It's no coincidence that some of the most-spectacular failed projects are in I.T. : the payroll system, ArriveCAN, the original "ObamaCare" web portal. (The TIME magazine cover on the latter is illuminating, describing jaw-droppingly stupid failures that the I.T. newbie can spot at once. The first was that the database of recipients wasn't "indexed" - that's like a library card catalog being in random order, so that you have to search the whole library list for each book found.)

Custom I.T. , you see, was turned over to consultants nearly 30 years ago. Larger companies had "data processing" departments, programmers who spent a career managing the mainframe payroll system, after writing it. But, computing got more complex, and the Data Processing Department struggled to keep everybody on their beloved mainframe. Their "customer departments" that did the actual corporate function, broke out to use PCs and small servers, started calling consultants if the DP department refused to help.

So, about 1995 (in my case), our IT Department flipped to embracing the PC as more than a word-processing toy, started getting programs that ran on servers - which they didn't really understand, so more and more programming moved to consultants.

By 2010, I was begging my bosses to believe that a system I'd had done for $400K, was meeting all needs, had no complaining customers (by "customers", I mean our draftsmen and our internal map-users - it was a drafting system for city maps of water and sewer), didn't really need replacement, just some upgrades and tweaks.

But the IT consultants, very much at the behest of the IT Department that hated that Water had done its own IT, insisted that the system didn't use the coming paradigm of mapping, ESRI GIS, was based on a CAD program that was going to go obsolete, had to be replaced entirely. Budget: $10 million.

Three years later, with the project about to need an impossible amount of everybody's time for testing and transition, they cancelled it entirely, with $8M spent.

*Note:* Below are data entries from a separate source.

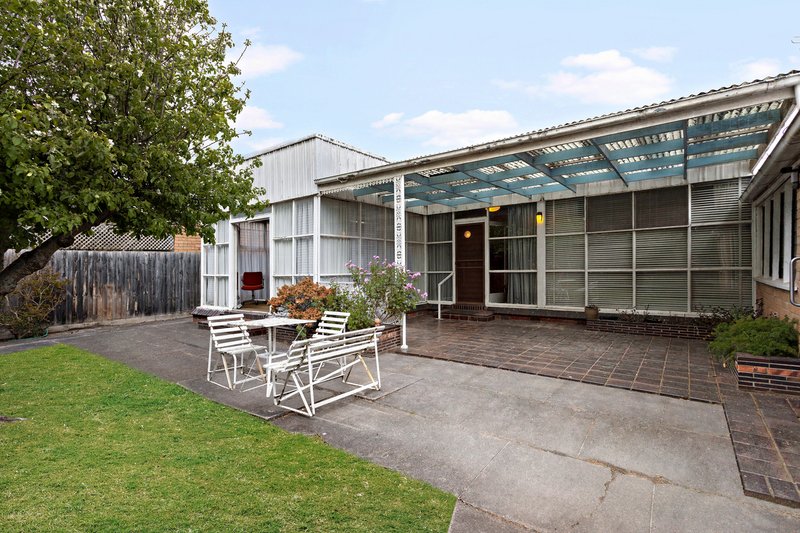 Photo - 10 Barnet Street, Highett VIC 3190 - Image 11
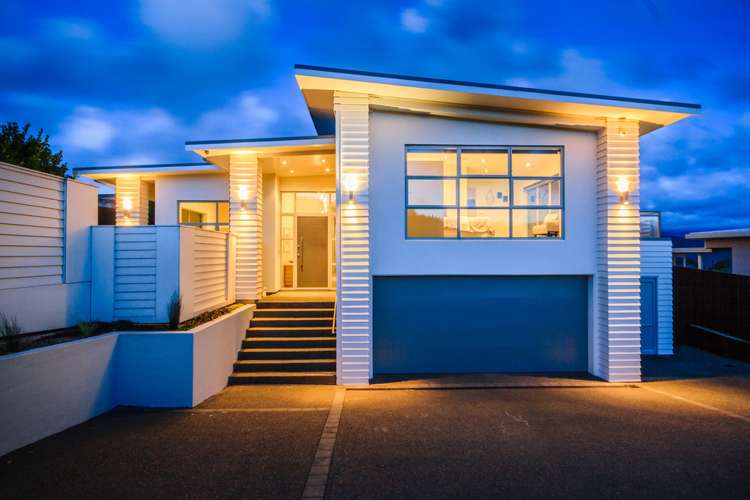 6 Fawcet Place Belmont_0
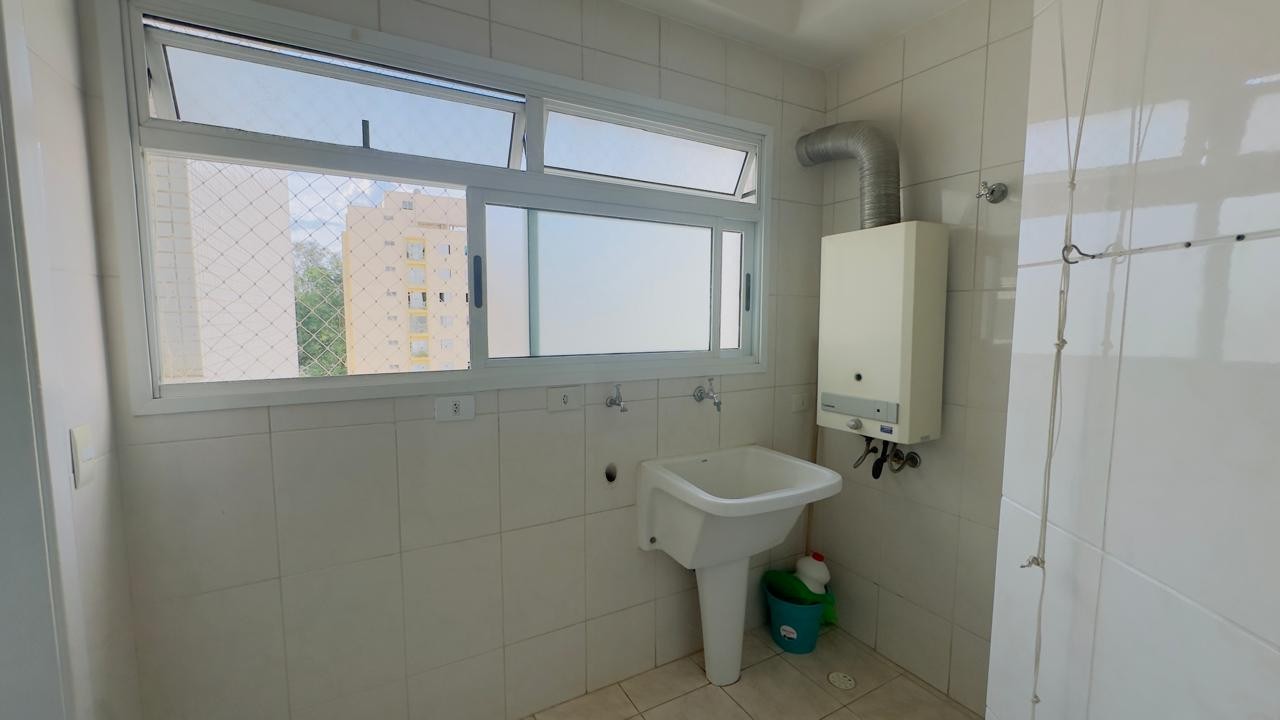 Apartamento, 3 quartos - Foto 15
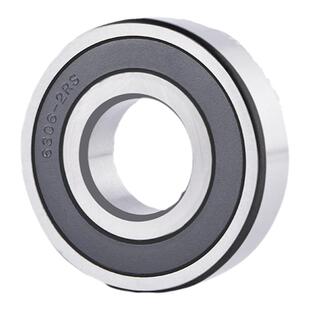 哈尔滨轴承6209 6210 6211 6212 6213 6214 6215 6216 6217ZZ/2RS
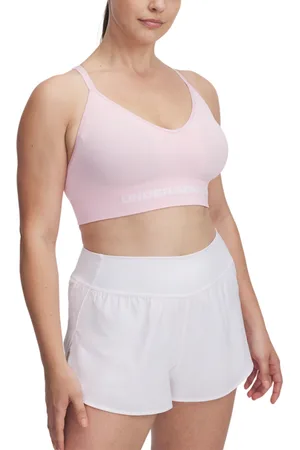 Under Armour Women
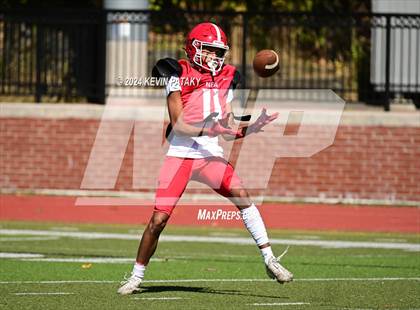 Thumbnail 1 in West Haven @ Norwich Free Academy photogallery.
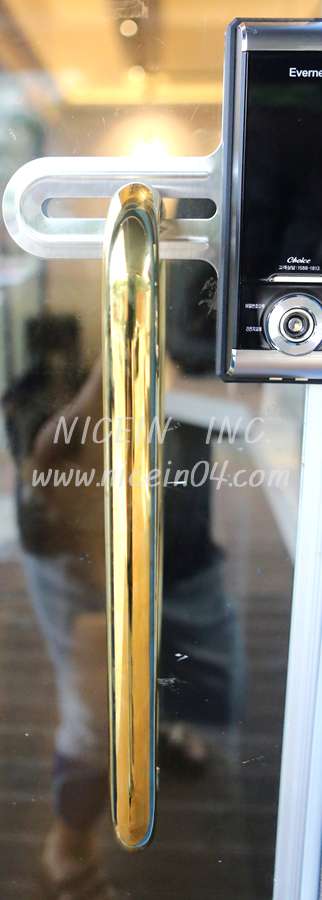 656870421ea26704ea13ad357fbc24c9_1503370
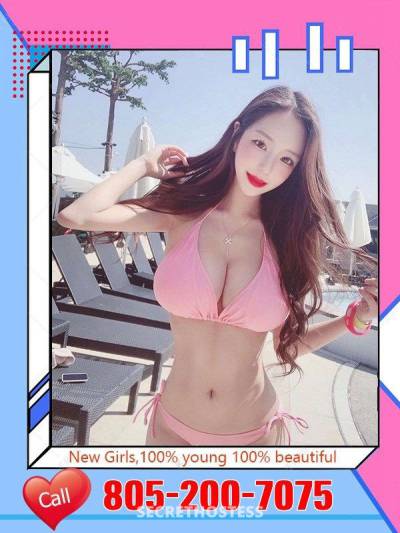 24Yrs Old Escort San Buenaventura CA Image - 4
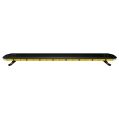 LED Warning Light Purelux Flash Panel 1400 12V 24V 191W 137,5 cm-1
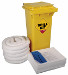 Spill Kit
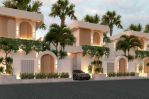 thumbnail-jual-villa-bali-paling-laris-dekat-pantai-pandawa-1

I retired two years after that, after struggling and begging to get $200K spent on those tweaks that were all that were ever needed, content that the system would be fine for a decade to come. Nearly 8 years later, my 2005 system is still the one running. Nobody speaks of the deliberately-forgotten project that was never needed.

And, no, no accountability for anybody, and certainly no "I told you so" was allowed for me.

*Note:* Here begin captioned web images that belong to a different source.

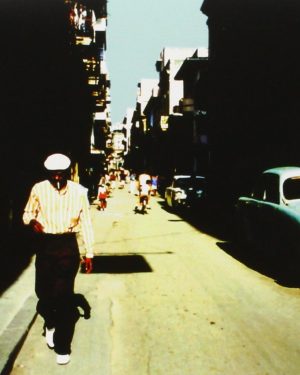 Buena Vista Social Club - Buena Vista Social Club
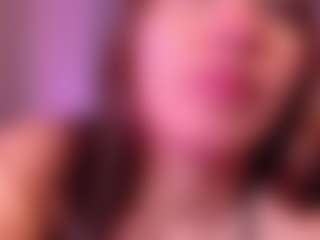 AbellaRider's Live Sex Cam Show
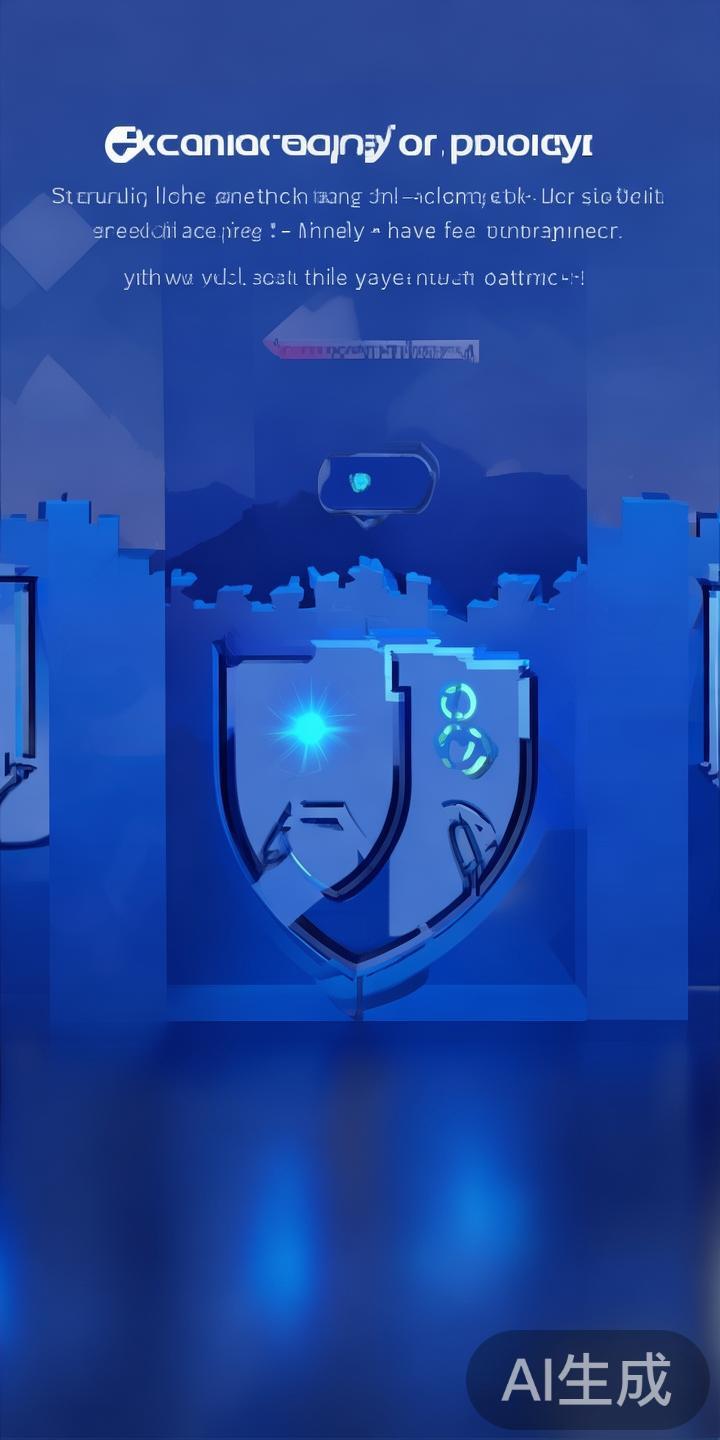 全面解析万博体育MAX App:功能介绍与详细使用指南 安全稳定的交易环境
平台采用先进的加密技术,确保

The IT Department had gone straight up 3 levels above me, to the Director of Water, and told him, Director-to-Director, that the project was needed. After that, every objection could be batted down with "your Director has signed off". At a "Lessons Learned" meeting afterwards, where I did get to say "I told you so" to all the lower staff, and one Manager, I asked how there could be no statement that the Director had made a bad call. (He was retired by then.)

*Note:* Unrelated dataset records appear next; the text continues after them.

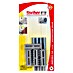 Fischer Rodforce Tipla s navojem 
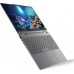 Laptop Lenovo Yoga 7 2-in-1 14ILL10 Ultra 5 226V / 16 GB / 512 GB / W11 (83JQ0003NT)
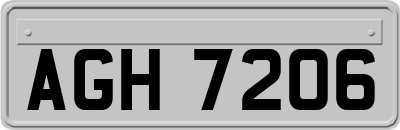 AGH7206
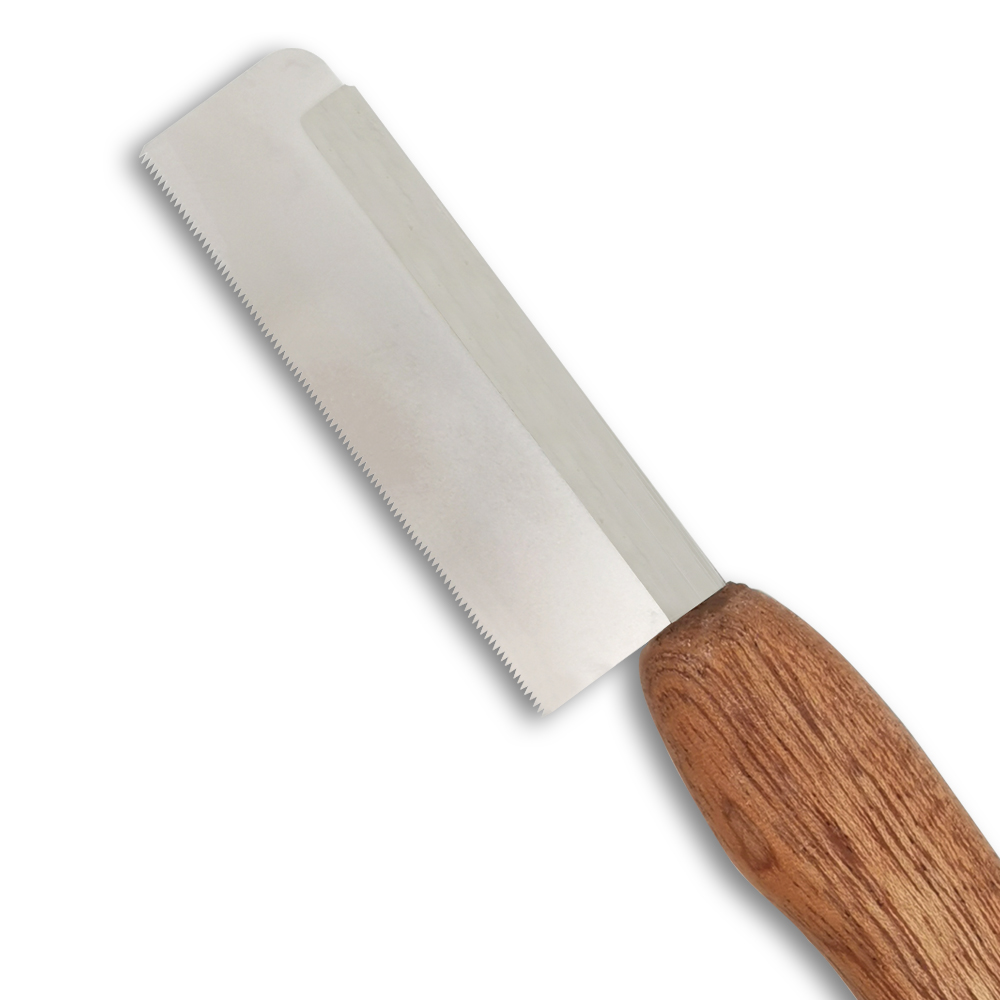 Serra manual de precisão, lâmi - Woodworking Hand Saw avaliação e preço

That one Manager came up to me right after everybody left, and told me how unacceptable it was that I tried to bring up the Director, how he was still around there, consulting, had many high-level friends, and naming him was a very career-limiting move. He did not appear in the final report.

A few days later, another Water employee, who dealt with a lot of Managers, told me that she'd asked the Fire Director, at his retirement, why he didn't step in to the mess that became of our 911 system, basically another IT project that collapsed. He told her that at $5M, it was "too small" for him to spend much time upon. And yet, his approval was needed for anything. That system meant that such projects were turned entirely over to consultants as soon as they'd convinced the Director it was on.

Which explained a lot about why all my protests - from the guy who'd managed the previous system - fell upon deaf ears. The Director was just waiting for me to wind down in the climactic meeting I asked two levels for, with him; he'd made his decision a year earlier, planned to spend no more time upon it. If he'd accepted my story, he'd have had to do a hundred hours of work.

Your phrase about demoralizing the staff really hit me. It was the biggest disappointment of a career that I couldn't stop the train-wreck, made me realize how little I was *really* respected, for all the praise heaped upon me.